SvelteKitでページにデータを渡す方法は、+page.server.ts+page.tsの2種類があります。どちらもload関数をエクスポートする点は同じですが、実行される場所とできることが異なります。この違いを曖昧なまま実装すると、後になって「サーバー専用のAPIキーがクライアントバンドルに混ざっていた」といった事故につながりかねません。Alcogyでは新しいページを作るたびに、この2つのどちらを使うかを最初に判断するようにしています。

実行環境の違い

+page.server.tsはサーバーでのみ実行されます。データベースアクセス、環境変数、シークレットキーの参照などはすべてここに書きます。一方+page.ts(ユニバーサルload)は、SSR時はサーバーで、クライアントサイドナビゲーション時はブラウザで実行されます。つまり+page.tsに書いたコードはクライアントバンドルに含まれる可能性があるということです。

// +page.server.ts: サーバーでのみ実行される
import type { PageServerLoad } from './$types';
import { db } from '$lib/server/db';

export const load: PageServerLoad = async ({ params }) => {
	const record = await db.query.articles.findFirst({
		where: (a, { eq }) => eq(a.slug, params.slug),
	});
	return { record };
};
// +page.ts: サーバー・クライアント両方で実行される可能性がある
import type { PageLoad } from './$types';

export const load: PageLoad = async ({ fetch, params }) => {
	const res = await fetch(`/api/articles/${params.slug}`);
	return { article: await res.json() };
};

Alcogyでの判断基準

判断基準はシンプルで、「サーバー専用のリソースに触れるかどうか」です。D1やDrizzle ORMを直接叩く場合、外部APIを秘密鍵付きで呼ぶ場合は迷わず+page.server.tsを選びます。逆に、公開APIのfetchだけで完結し、クライアント側の再取得コストを抑えたいケースでは+page.tsを検討します。ただ、業務システムのOEM開発では扱うデータのほとんどが顧客企業の内部情報なので、実務上は+page.server.tsを選ぶ場面が圧倒的に多いというのが正直なところです。

もう一つの判断材料は、静的生成(プレレンダリング)との相性です。
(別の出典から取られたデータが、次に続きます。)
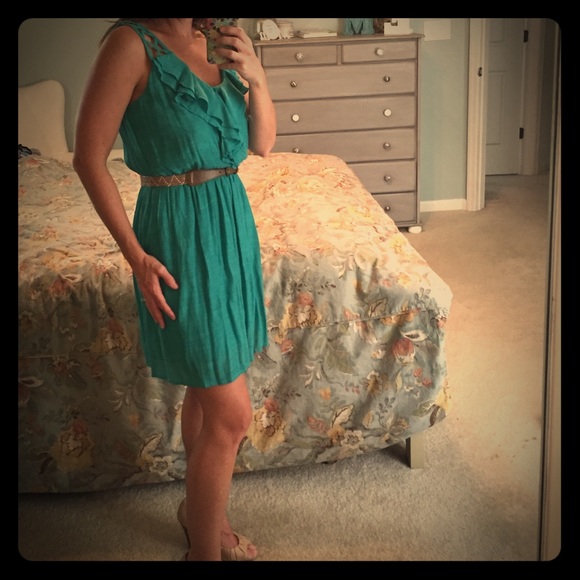 Turquoise dress with belt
このテックブログ自体も+page.server.tsentries()を実装し、記事一覧のslugをビルド時に列挙してプレレンダリングしています。

export const entries = () => getSlugs().map((slug) => ({ slug }));

export const load: PageServerLoad = async ({ params }) => {
	const article = await getArticle(params.slug);
	if (!article) error(404, '記事が見つかりません');
	return { article };
};

entries()+page.server.ts+page.tsのどちらでも定義できますが、記事データがサーバー側のファイルシステムやビルド時専用のロジックに依存している場合は+page.server.tsにまとめた方が見通しが良くなります。データ取得ロジックとプレレンダリング設定を同じファイルに置いておくことで、「どのデータがどう生成されているか」を1箇所で追えるようにしています。

両方を組み合わせるケース

まれに、サーバーで取得した機密性の低いデータと、クライアント側の追加取得を両方使いたいケースがあります。この場合+page.server.tsloadが返した値は、同階層の+page.tsloaddataとして渡されます。Alcogyでは、初期表示に必要な最小限のデータは+page.server.tsで返し、ユーザー操作に応じた追加データ取得はコンポーネント内のfetchに任せる、という切り分けを基本にしています。load関数を肥大化させないことが、結果的にページの責務を明確に保つコツだと考えています。